Extracted data entries:
----------------------------------------
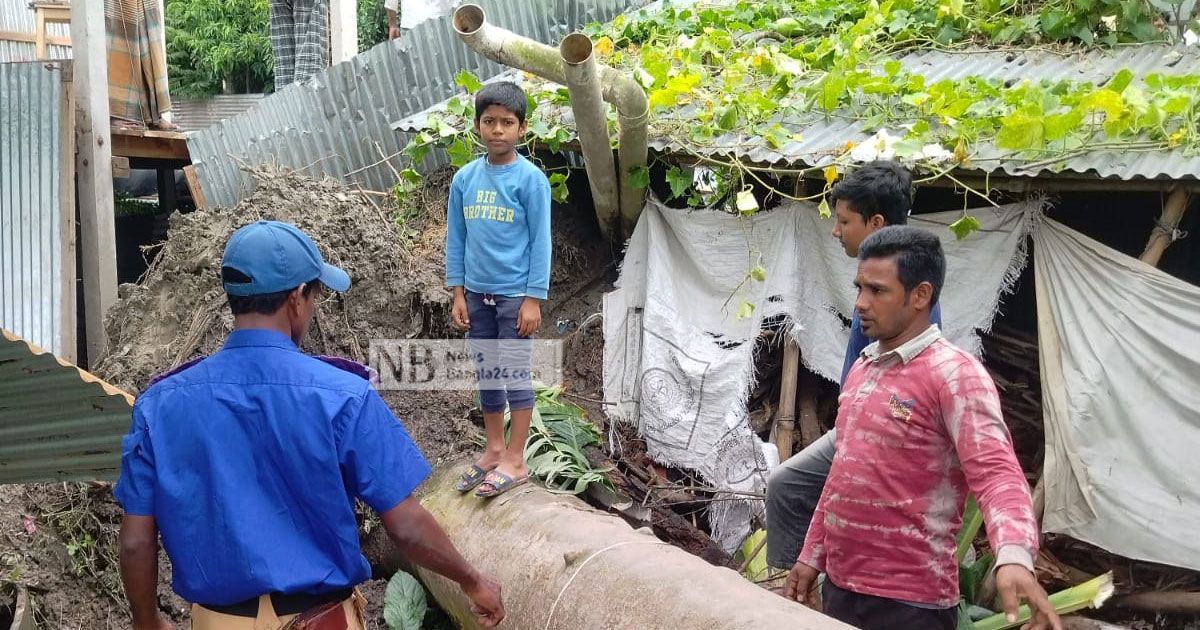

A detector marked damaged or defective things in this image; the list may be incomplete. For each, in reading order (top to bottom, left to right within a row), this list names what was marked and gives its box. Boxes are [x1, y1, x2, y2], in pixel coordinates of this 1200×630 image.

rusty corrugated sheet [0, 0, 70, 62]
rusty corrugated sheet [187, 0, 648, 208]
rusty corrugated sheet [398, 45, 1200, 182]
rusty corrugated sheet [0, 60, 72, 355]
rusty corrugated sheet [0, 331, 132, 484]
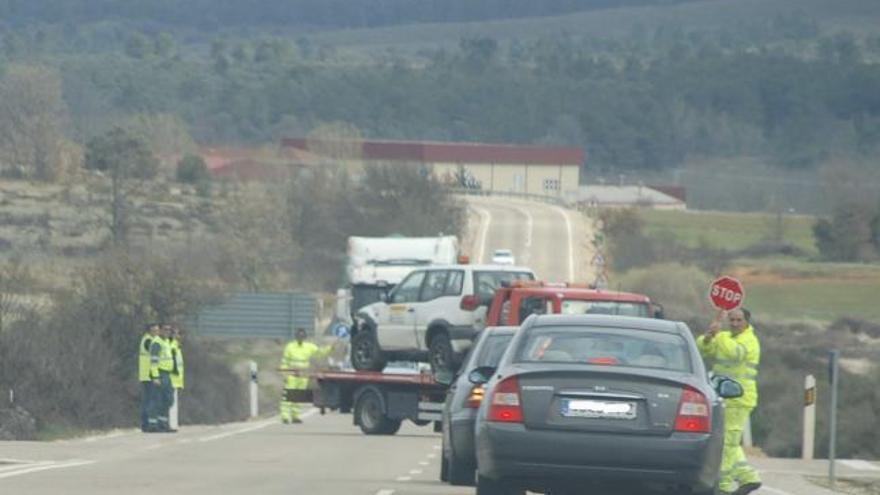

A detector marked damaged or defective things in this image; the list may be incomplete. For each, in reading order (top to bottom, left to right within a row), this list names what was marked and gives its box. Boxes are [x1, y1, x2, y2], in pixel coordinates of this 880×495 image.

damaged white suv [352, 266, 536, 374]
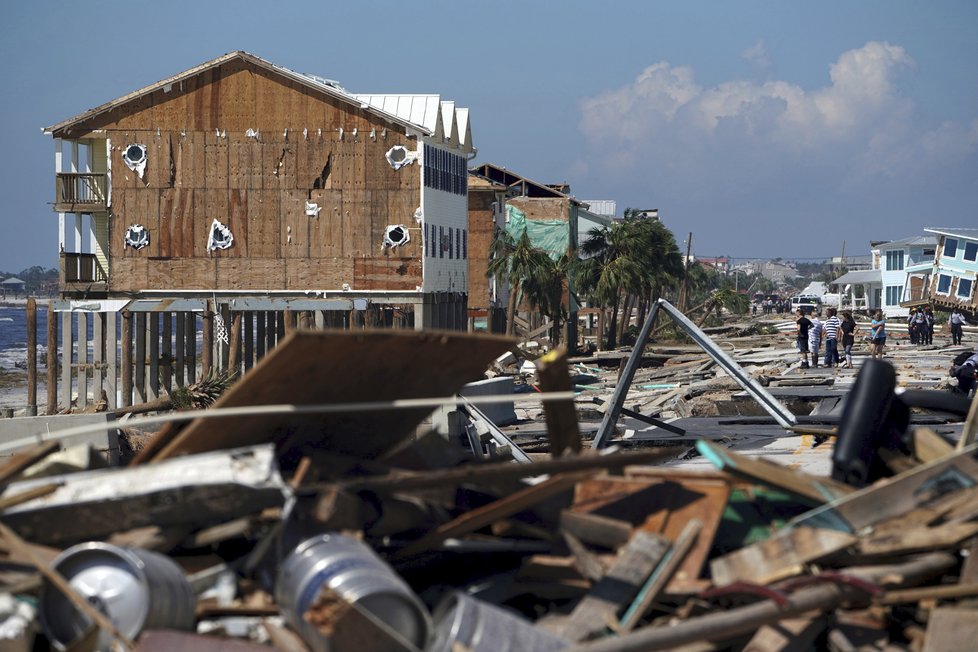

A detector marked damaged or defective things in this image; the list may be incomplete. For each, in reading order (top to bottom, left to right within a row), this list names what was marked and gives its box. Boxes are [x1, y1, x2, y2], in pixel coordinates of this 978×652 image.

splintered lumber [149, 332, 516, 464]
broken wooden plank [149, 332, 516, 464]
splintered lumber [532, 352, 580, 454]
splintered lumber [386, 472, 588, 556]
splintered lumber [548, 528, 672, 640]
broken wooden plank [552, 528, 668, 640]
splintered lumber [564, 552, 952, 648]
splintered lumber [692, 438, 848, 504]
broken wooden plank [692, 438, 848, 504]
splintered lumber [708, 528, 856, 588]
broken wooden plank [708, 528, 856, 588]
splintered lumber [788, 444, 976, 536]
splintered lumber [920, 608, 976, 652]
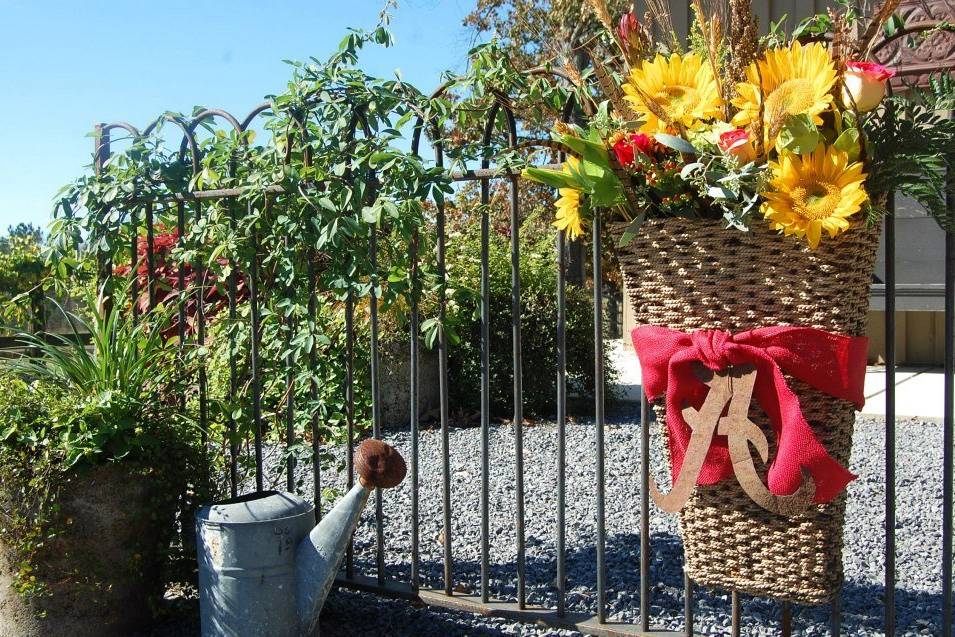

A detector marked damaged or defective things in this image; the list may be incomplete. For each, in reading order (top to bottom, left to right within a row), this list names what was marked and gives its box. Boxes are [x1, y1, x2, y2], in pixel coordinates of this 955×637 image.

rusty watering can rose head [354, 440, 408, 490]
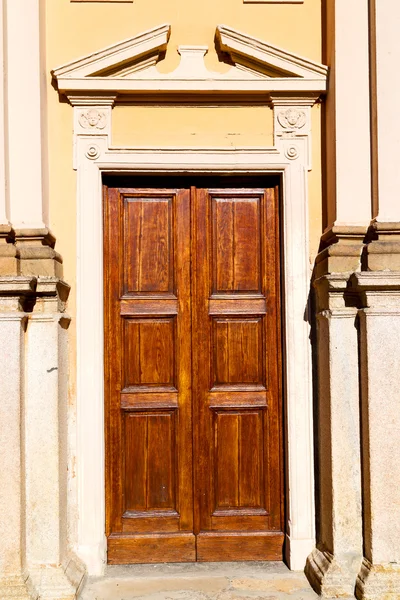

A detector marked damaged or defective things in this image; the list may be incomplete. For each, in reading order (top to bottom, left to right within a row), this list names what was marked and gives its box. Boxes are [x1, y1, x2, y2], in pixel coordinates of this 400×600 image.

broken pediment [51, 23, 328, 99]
----------------------------------------
§ **What you have to do**
Set down each line from the line containing "this 400×600 image." through the final line of the data, exactly and with nothing added.

§ **Exercise answer**
A detector marked damaged or defective things in this image; the list may be incomplete. For each, in reading order (top to bottom, left to right within a row), this list names what was marked and gives its box. Boxes are [x1, y1, x2, y2], in pixel coordinates of this 400×600 image.

broken pediment [51, 23, 328, 99]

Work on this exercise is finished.